Hello everyone, I am Xinyu Feifei in Beijing, everyone loves to call me Feifei sister, love food and love to share, please pay more attention to you.
Some people say that Beijing is a food desert, there is no good food, that may be you really did not find the right place!
During the holiday, in the core area of the Forbidden City, Jinbao Street, I found a secluded place in a paradise, an antique courtyard, red walls and green tiles, and felt the small Forbidden City.
This is the 1949 - all-duck season, as soon as you enter the courtyard, you will feel the strong traditional Chinese culture, during the period of art sculpture, tasting food, wine, and enjoying Chinese cuisine in this environment, it is really a kind of enjoyment.
1949 full duck season coincided with the tenth anniversary, the launch of a limited menu, single seat 1688 / bit, the first listen to the unit price is a bit expensive, carefully look at the menu, Taoist boutique, swallow abalone wings, lobster are on the same, sent to the circle of friends, some people say value.
The eight-course three wine dishes are all precipitated through years of polishing, and the ingredient combinations and cooking methods have been repeatedly deliberated.
Emperor Duck: A very suitable breed of British Slow Peach Valley and Beijing White Duck The skin of the duck is more likely to be crispened at high temperatures, the duck meat is umami and tender, and the entrance is more deep in the taste of the old duck. Duck embryos are strictly selected with standardized growth cycles and weights, and date wood more than 40 years old is selected and roasted in a hanging oven. 65 minutes of precise time to ensure consistent production. The selection of ingredients and baking methods strictly follow the ancient method, the original duck sauce, mainly seafood sauce, adding more than ten kinds of spices. The improved duck method removes the grease to ensure that the taste is not greasy, so it is called healthy roast duck.
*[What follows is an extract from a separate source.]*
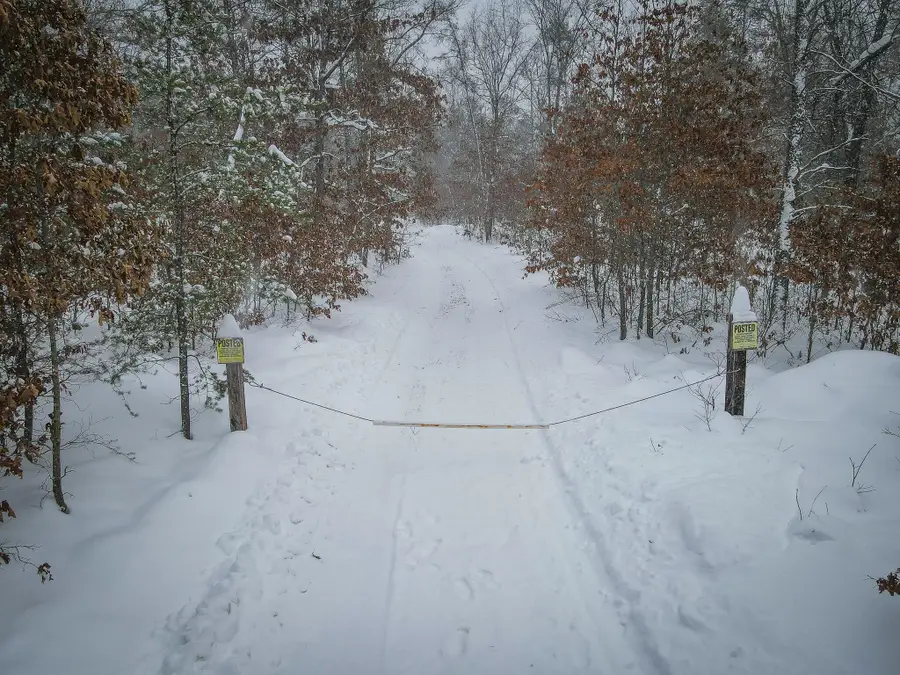 V/L Rybicki Road, Free Soil, MI 49411 - Image #2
Duck liver sauce, an innovative dish that combines East and West. Fresh duck liver is mashed into a puree, marinated in French brandy for 12 hours, and baked in the oven. The cooled slices are placed on toasted golden slices, which are delicate, smooth and melodious.
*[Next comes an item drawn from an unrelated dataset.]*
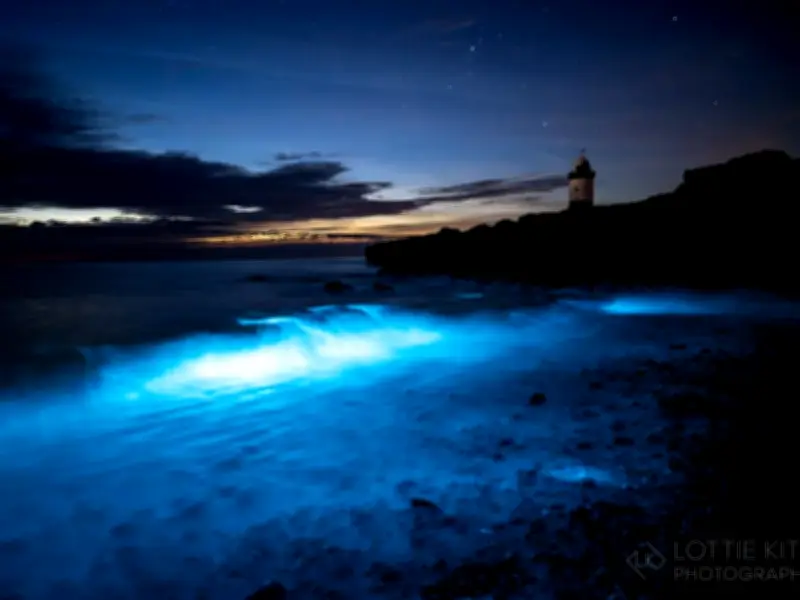 Sea Turns Mystical Blue Off Welsh Coast in Stunning Bioluminescence Display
Yellow stewed big abalone wings, such a big bowl, I think I can go after eating. Really full. This is a traditional dish of Cantonese cuisine, and you can taste the complex taste of various ingredients in the rich soup base. The cool feeling of the entrance must be savored. Lubrication between the teeth of the lips, but also with a sticky texture of the lips. Huang Braised Bao Yi opened the taste buds with a strong smooth feeling of collagen. The fish scratched its teeth slightly, and the soup iridium shrunk the fresh sweetness of the poultry and the goods.
Egg white carved steamed Boston lobster: The floral carving fragrance and the tenderness of the egg white set off the Q-bomb taste of the Boston lobster to the fullest. This dish places high demands on the temperature of the dish and the heat of the ingredients.
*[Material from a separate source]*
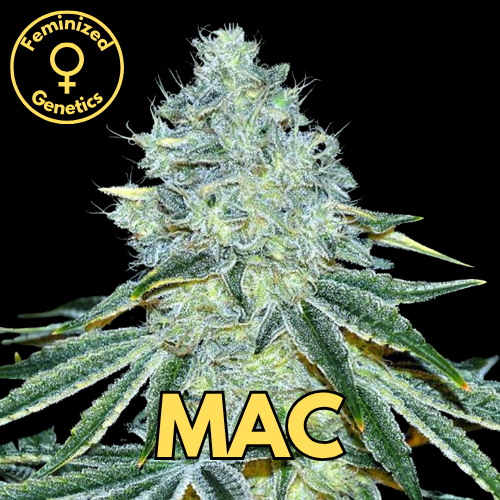MAC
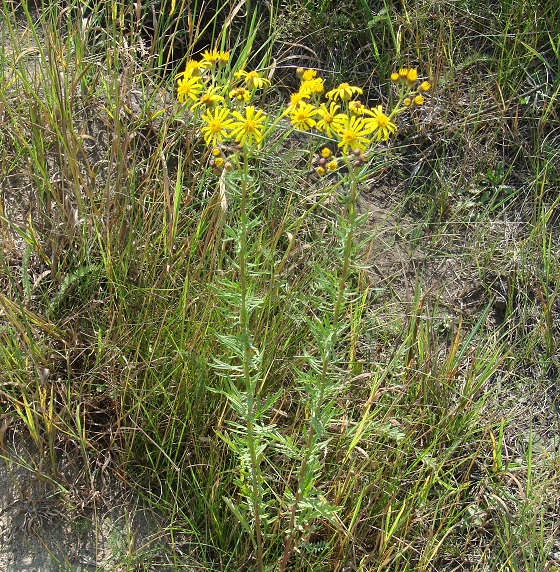 Изображение особи Senecio erucifolius.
Peking onion amber beef grains: Beijing people are good at eating fiercely, roast duck raw onions and duck oil after the balance is the Beijing shallots, beef grains cooked at medium high temperature shredded shallots bring sweetness. The beef is crispy on the outside and melts in the mouth. Carefully selected snowflake beef, strong beef aroma, the sweetness of the onion, and a slight hint of pepper further enhance the taste. Pairing with wine is even more memorable.
Paired with st. Michael's Riesling white wine, it exudes aromas of fresh lime juice and ripe peaches, accompanied by hints of minerals.
Autumn is the best time to taste crabs, and the restaurant debuted the 1949-Moutai drunken crab, which was fine-tuned on the traditional tastes and more catered to the tastes of northern guests. In addition to the ten years of flower carving wine, Specially added Moutai wine Titian. Add to this classic dish.
In addition to the kagumi fish rolls and roasted tofu that appear as a head plate, which are full of Beijing flavor,
The most amazing thing is that the restaurant's olive watercress makes the overall tone of the first plate more elegant
The eight-course three wines have their own rhythmic taste, and the food pairing is amazing" Who would have thought that the fluffy feeling of roast duck skin and the bubbles of champagne would be so matched. Many ingredients are born in different places, but delicious ingredients will always meet with the exchange of cultures and give birth to better tastes.
Xinyu Feifei, health manager, food writer, Beijing food spokesperson, food famous bo, a number of platform signed authors, every day to share healthy, simple food, pay attention to me, the first time to grasp food information! If you like, welcome to retweet, like, favorite, let more people who love food share together.